Shortly after the January team meeting, I posted an offhand status update on my Facebook page that read: “If I can raise $200 for my Relay for Life team, I will shave off what’s left of my hair!” This casual comment garnered dozens of comments and over $330 in donations, all for thin, unruly brown curls that were already falling out due to my own health condition.
“I’m happy to donate; this is a cause that is very near and dear to me,” stated one donor, former Rocky student Teri Ann Frey, who went on to tell me about her numerous relatives who have battled cancer.
Sadly, this fact hit home with most of our team members, who have either been diagnosed with cancer themselves or have helped loved ones fight it.

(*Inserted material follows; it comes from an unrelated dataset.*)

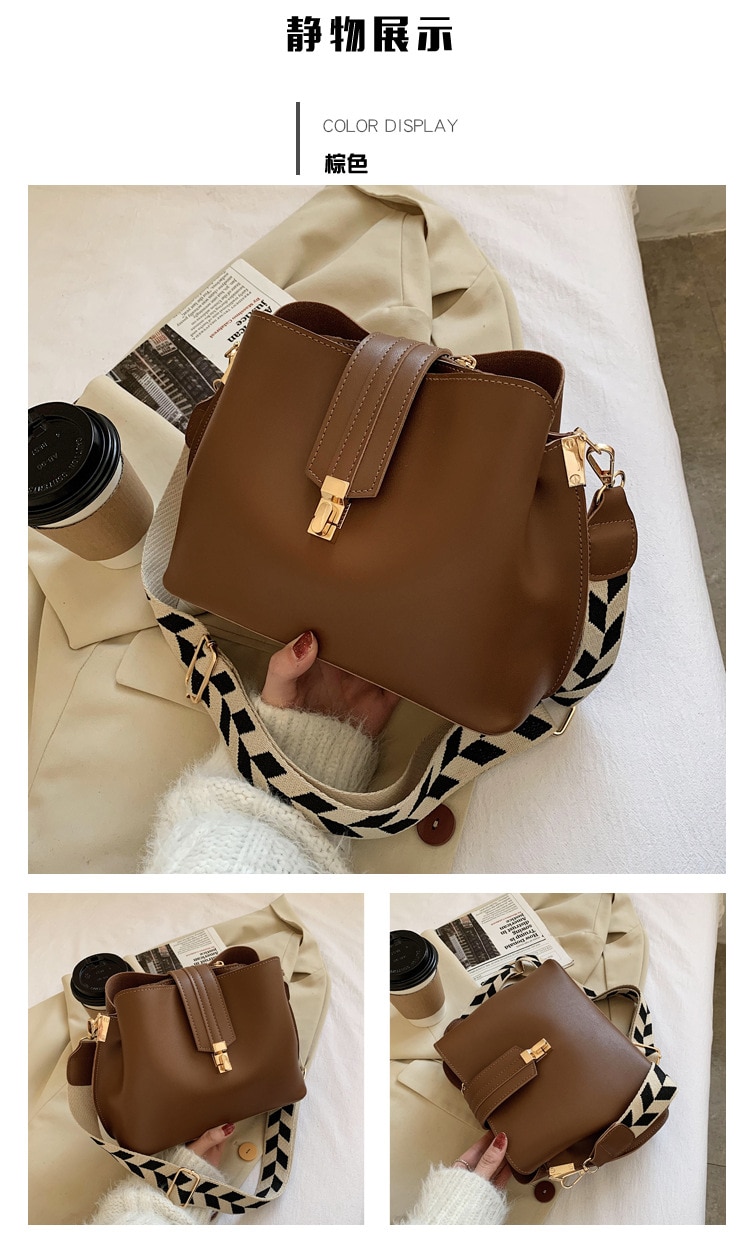 Tấn Yide Vintage Đơn Giản Nhỏ Da PU Túi Đeo Chéo Cho Nữ 2023 Nhà Thiết Kế Thời Trang Nữ Màu Đen Sang Trọng Túi Xách Đeo Vai - Ảnh 2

Posing with me for my “before” picture was a success story, as well as one of the reasons I participate: my mother, a colon cancer survivor who has been in remission since 2004.
The positive side of it is that, with each Relay for Life fundraising event held and each dollar donated to research, we come a little closer to uncovering a cure, and meanwhile continue to advance technology to provide more treatment options.
Hence, in the wake of the HairRaising’s success, the Rocky Walkers are already planning their next fundraising event: the annual Taco Bar, which will be held in mid-March and is open to the public.
As is the case for most of their fund-raisers, the cost to attend this one is however much money one chooses to donate to the ACS, and includes a taco buffet with all the fixings, a drink, and the famously-delicious cookies home-baked by Rocky biology professor Claire Oakley.